▶ _What the task asks_
In the records below, the lines between the one holding "Libra earrings best sale" and the one holding "I am His Beloved Crested 2 Tumbler 20oz", inclusive, are to be transcribed exactly; no pictures are to be included.
----- Available records -----
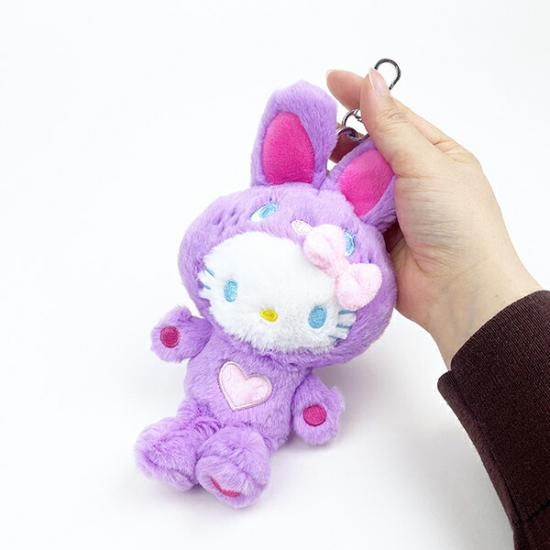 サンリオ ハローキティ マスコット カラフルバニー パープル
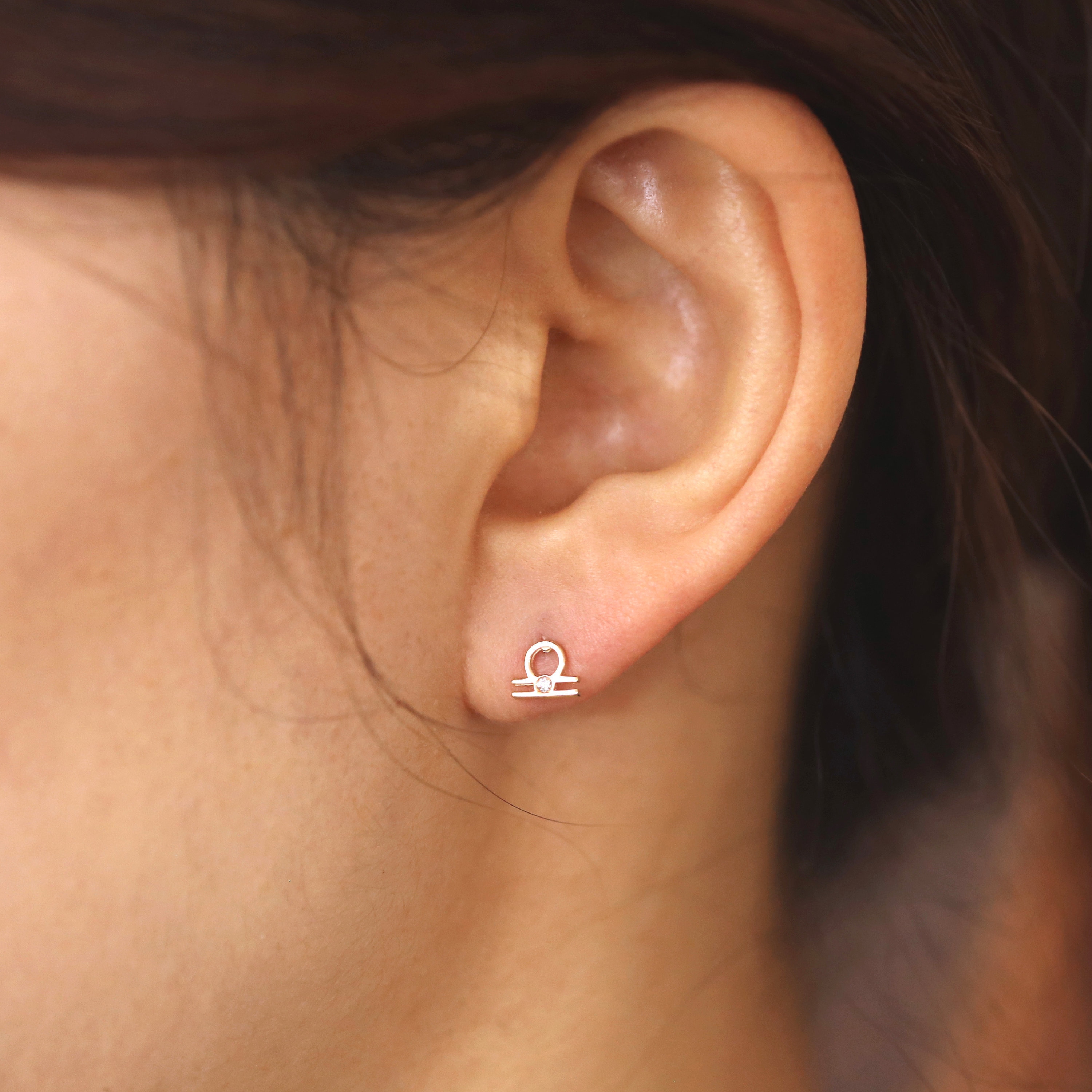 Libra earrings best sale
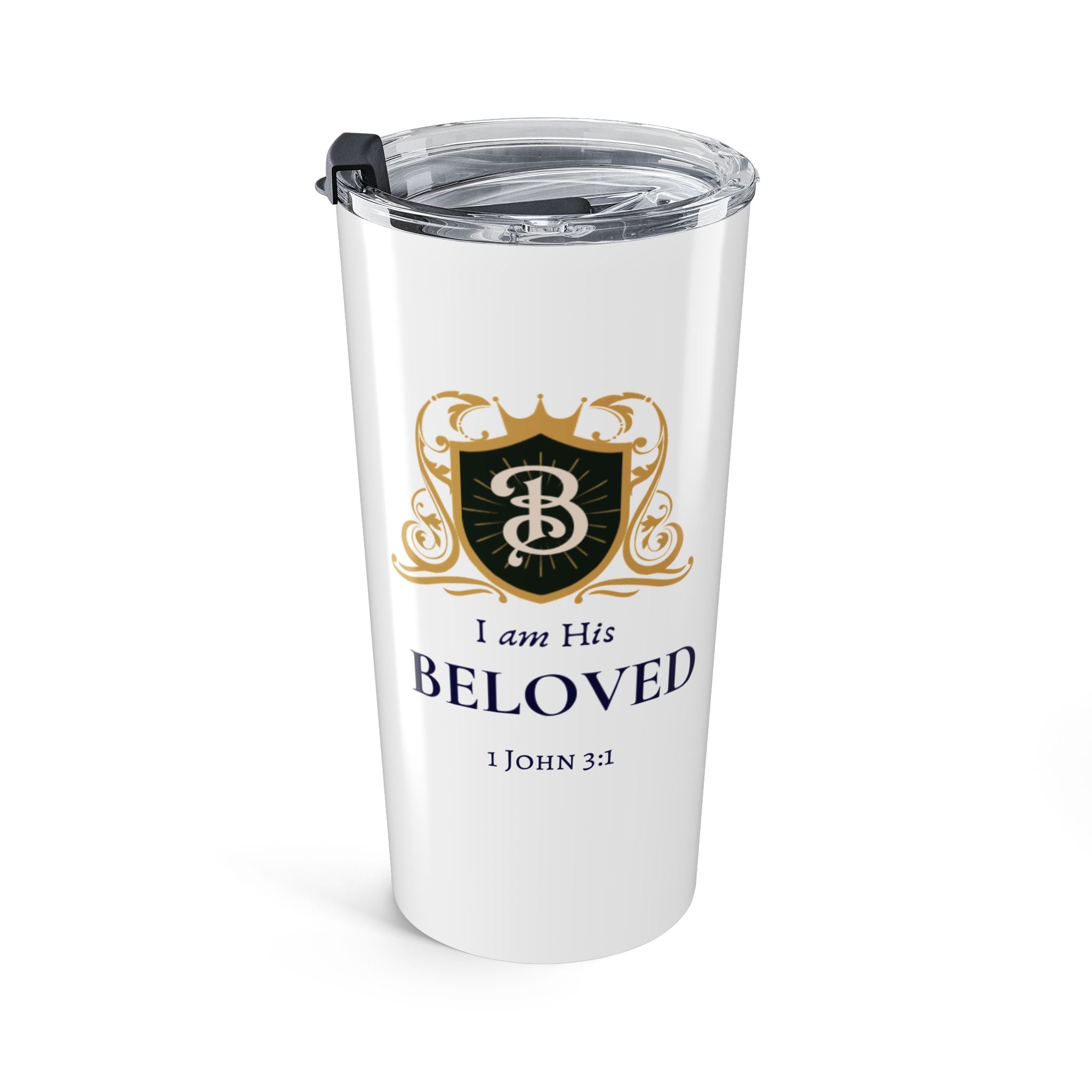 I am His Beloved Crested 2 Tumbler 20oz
-----
----- Available records -----
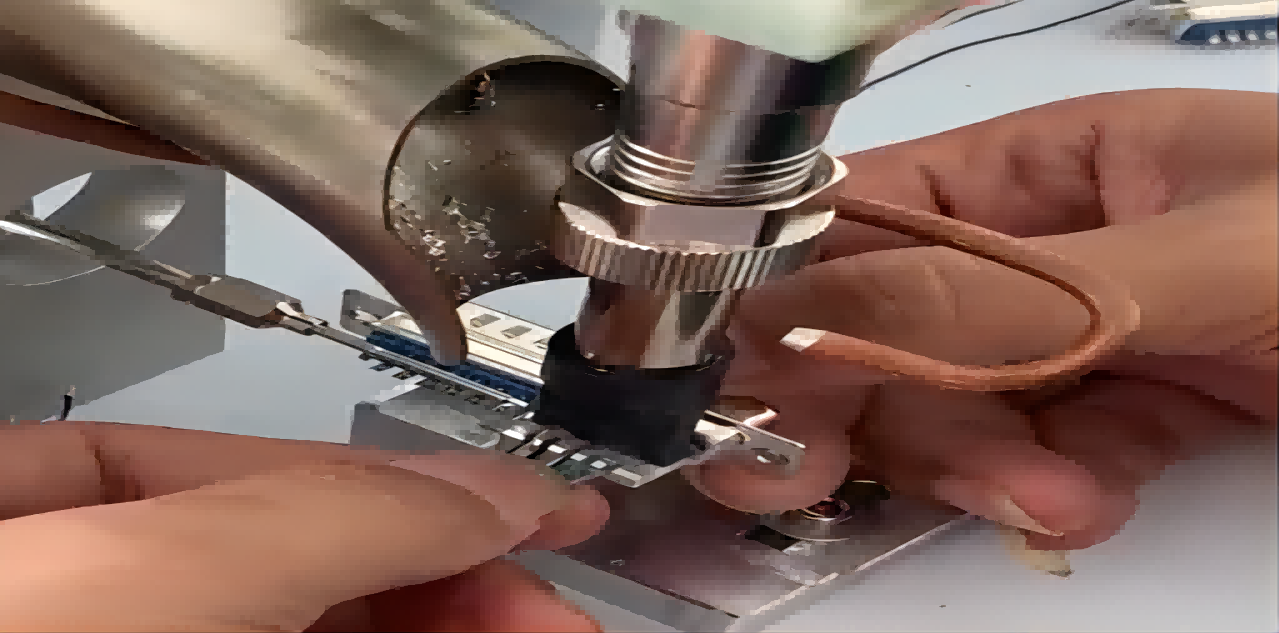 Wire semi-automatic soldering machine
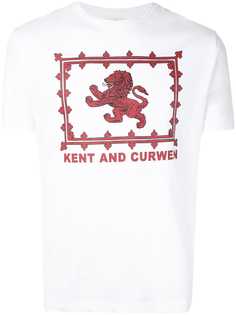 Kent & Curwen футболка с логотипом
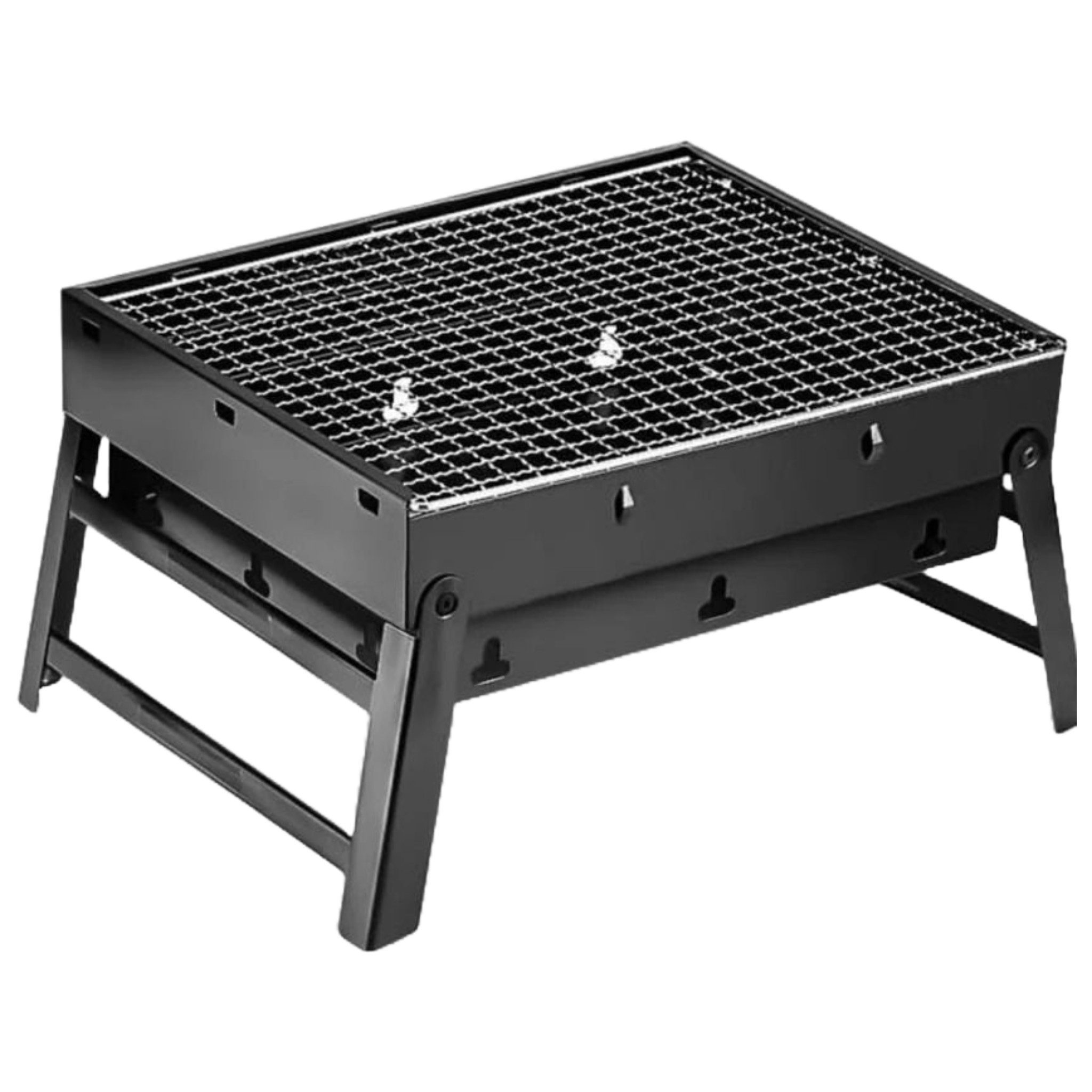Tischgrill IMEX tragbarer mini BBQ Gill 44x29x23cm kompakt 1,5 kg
-----
----- Available records -----
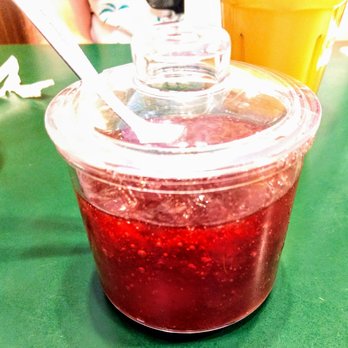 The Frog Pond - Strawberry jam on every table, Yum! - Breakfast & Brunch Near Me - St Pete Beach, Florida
-----
▶ _Result below_
 Libra earrings best sale
 I am His Beloved Crested 2 Tumbler 20oz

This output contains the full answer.